# Your goal
Print only what runs from the line that includes "2011 KIA SOUL +" to the end of the listing, word for word, and do not include any pictures.

******************************

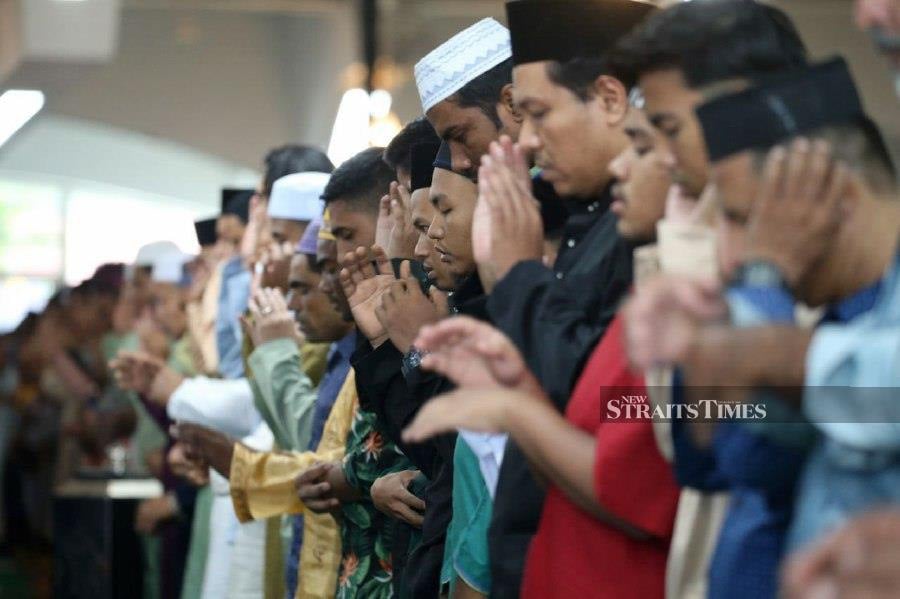 Muslims also flocked to other mosques for prayers and thanksgiving, decked in colourful Raya clothes. - NSTP/MIKAIL ONG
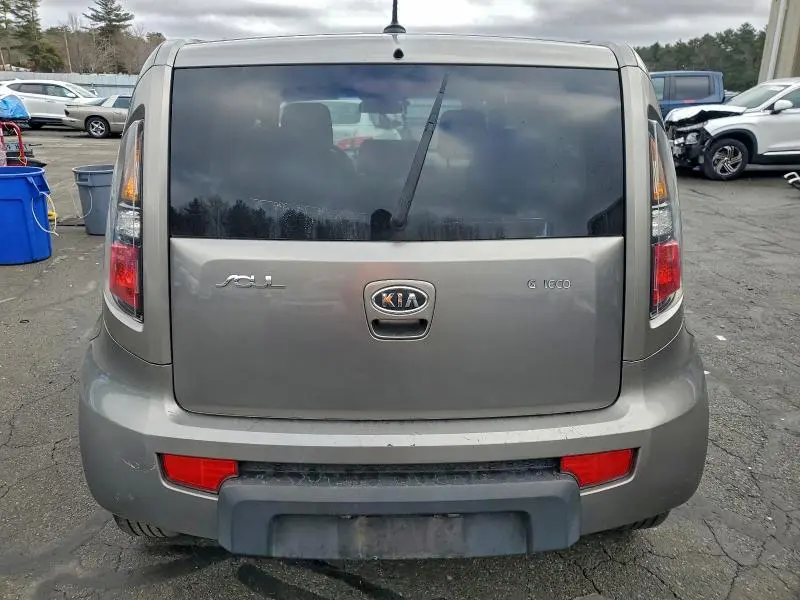 2011 KIA SOUL +  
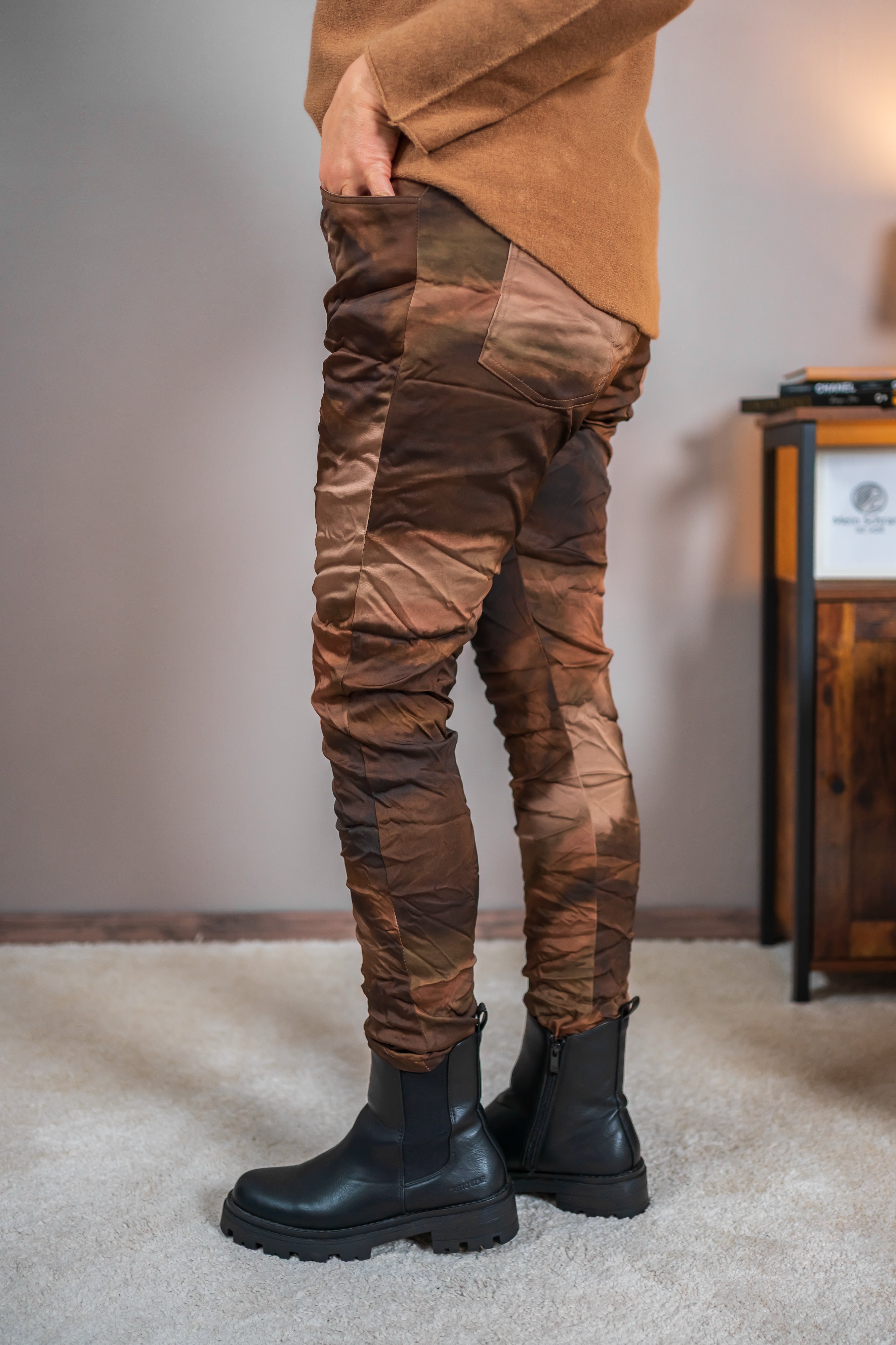Stretchhose mit Washed-Effekt, braun/beige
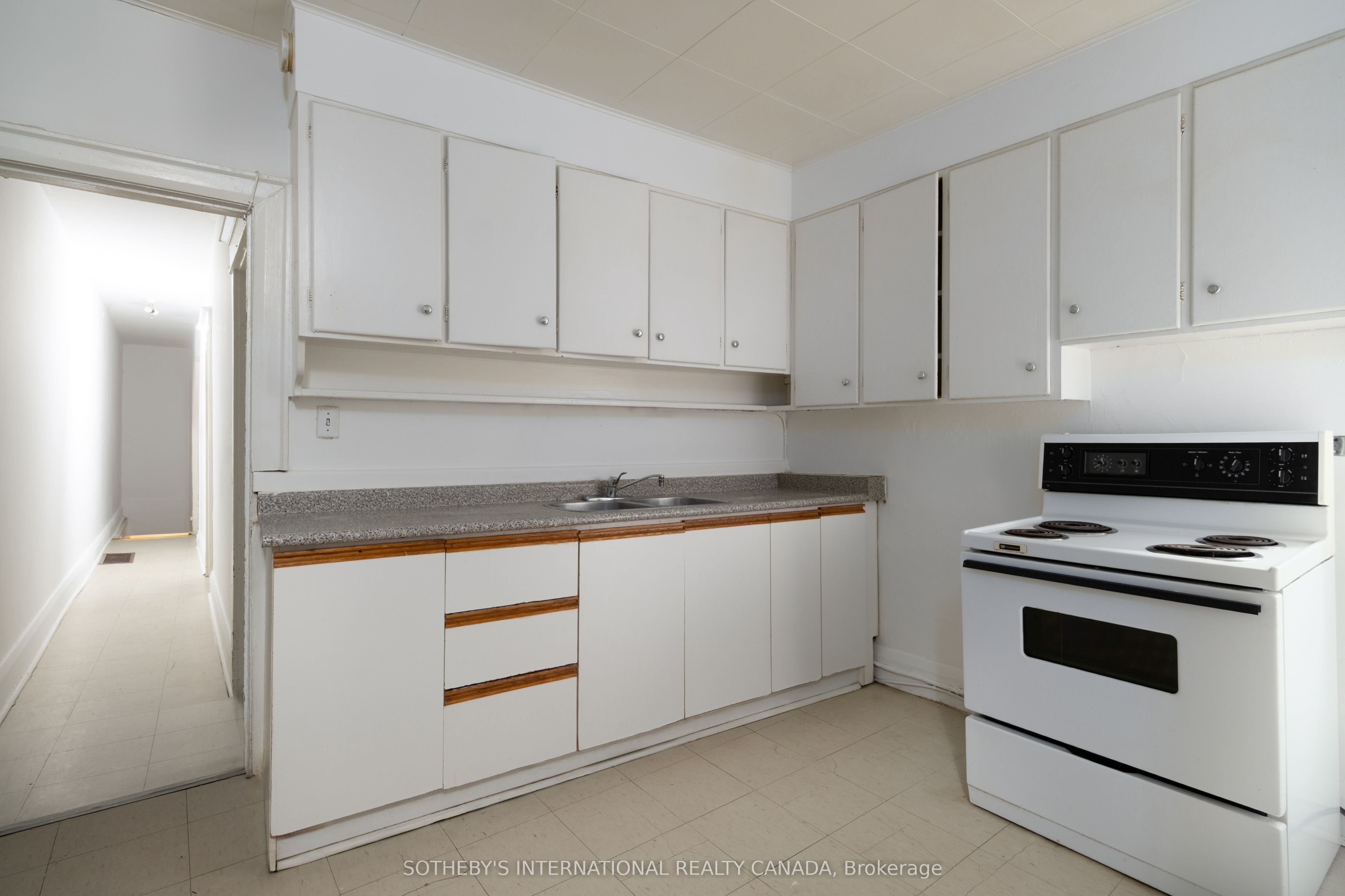 641 St Clair Avenue W Property Photo 15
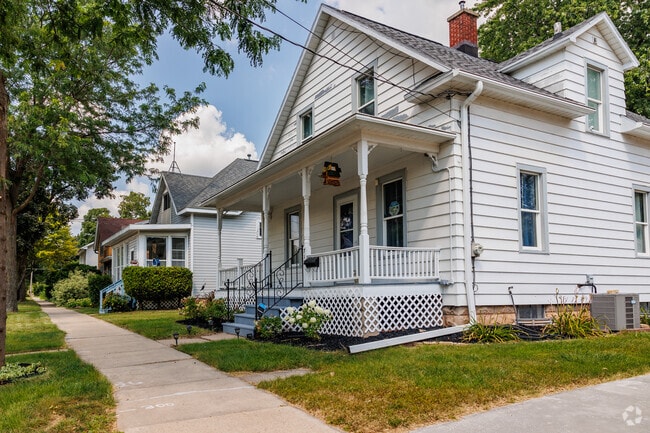 Older homes in Historic Central have been renovated and well maintained.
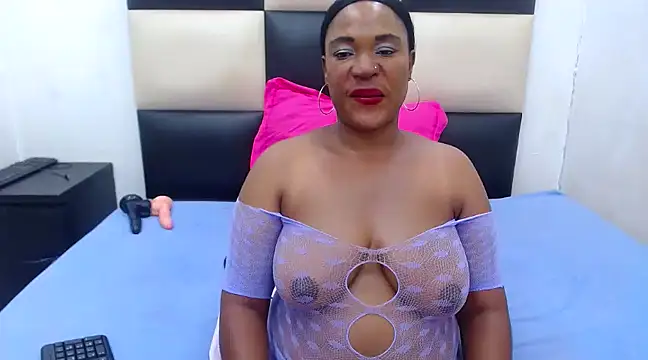 LICKABLEASSxxxx online show from February 2025 09:05:02 PM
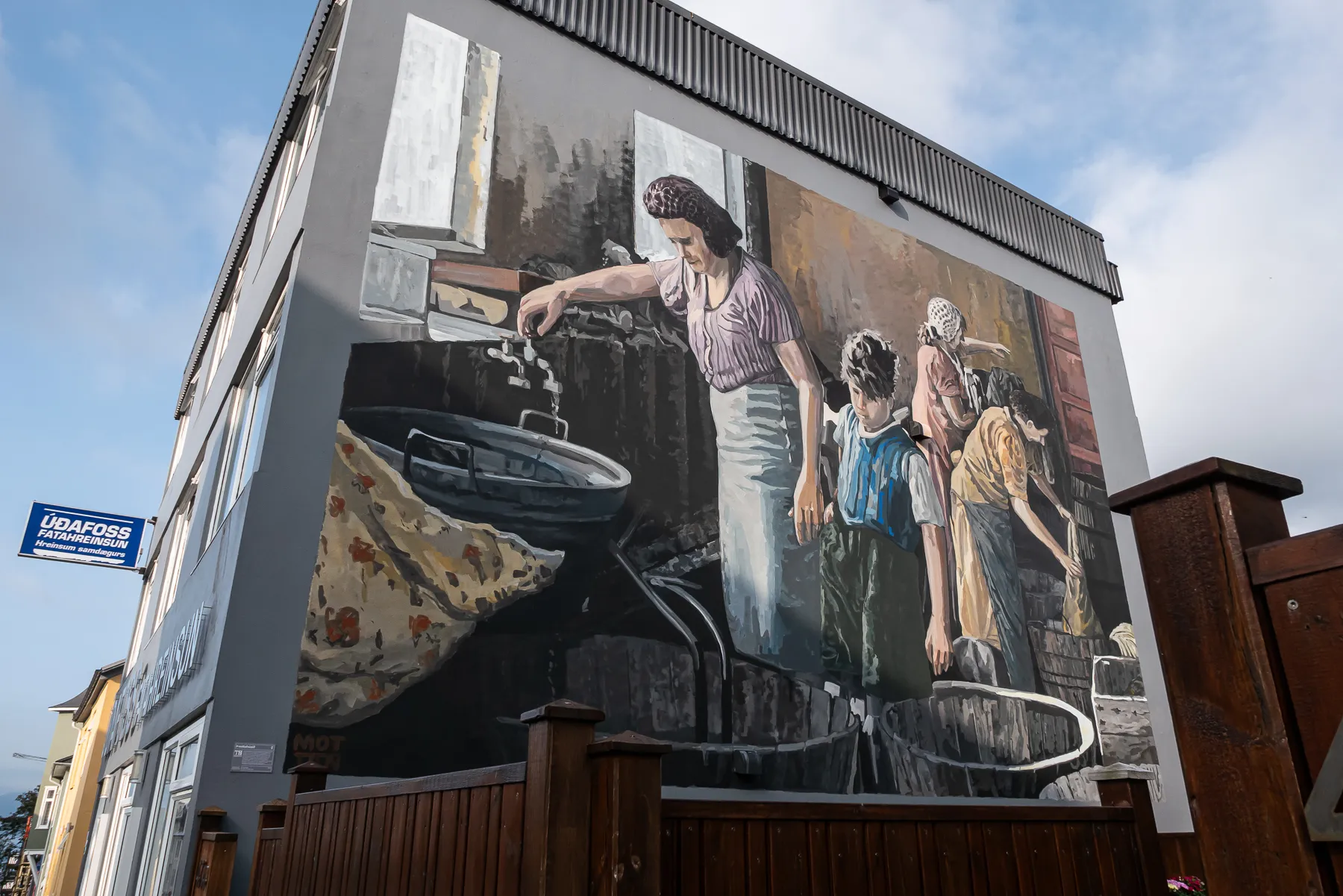 Mural painted on side of building inReykjavik
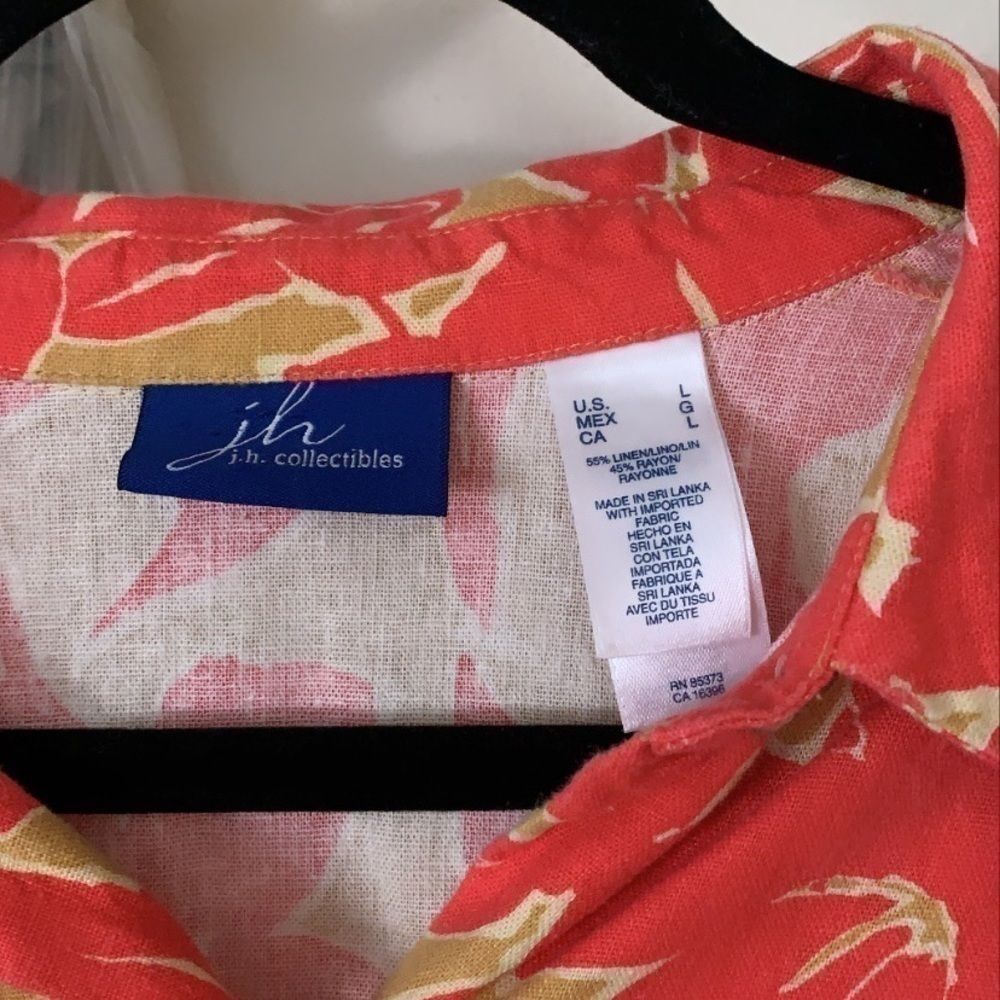 J. H. Collectibles Floral Button Down Size Large EUC - Picture 3 of 4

******************************

# Your response
 2011 KIA SOUL +  
Stretchhose mit Washed-Effekt, braun/beige
 641 St Clair Avenue W Property Photo 15
 Older homes in Historic Central have been renovated and well maintained.
 LICKABLEASSxxxx online show from February 2025 09:05:02 PM
 Mural painted on side of building inReykjavik
 J. H. Collectibles Floral Button Down Size Large EUC - Picture 3 of 4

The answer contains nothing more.